--- Your goal ---
Print the line where "2022 Mercedes-Benz A-Class" occurs and every line that follows it in the data below, ending with the last line, precisely as written.

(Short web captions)
----------------------------------------

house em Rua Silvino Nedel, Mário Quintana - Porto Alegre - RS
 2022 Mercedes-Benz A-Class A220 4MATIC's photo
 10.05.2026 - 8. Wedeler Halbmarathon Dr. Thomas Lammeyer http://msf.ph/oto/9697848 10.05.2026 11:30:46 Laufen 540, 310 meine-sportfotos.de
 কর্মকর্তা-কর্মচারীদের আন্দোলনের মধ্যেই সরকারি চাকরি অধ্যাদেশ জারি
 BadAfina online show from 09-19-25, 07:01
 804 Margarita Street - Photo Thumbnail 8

----------------------------------------

--- Response to this task ---
 2022 Mercedes-Benz A-Class A220 4MATIC's photo
 10.05.2026 - 8. Wedeler Halbmarathon Dr. Thomas Lammeyer http://msf.ph/oto/9697848 10.05.2026 11:30:46 Laufen 540, 310 meine-sportfotos.de
 কর্মকর্তা-কর্মচারীদের আন্দোলনের মধ্যেই সরকারি চাকরি অধ্যাদেশ জারি
 BadAfina online show from 09-19-25, 07:01
 804 Margarita Street - Photo Thumbnail 8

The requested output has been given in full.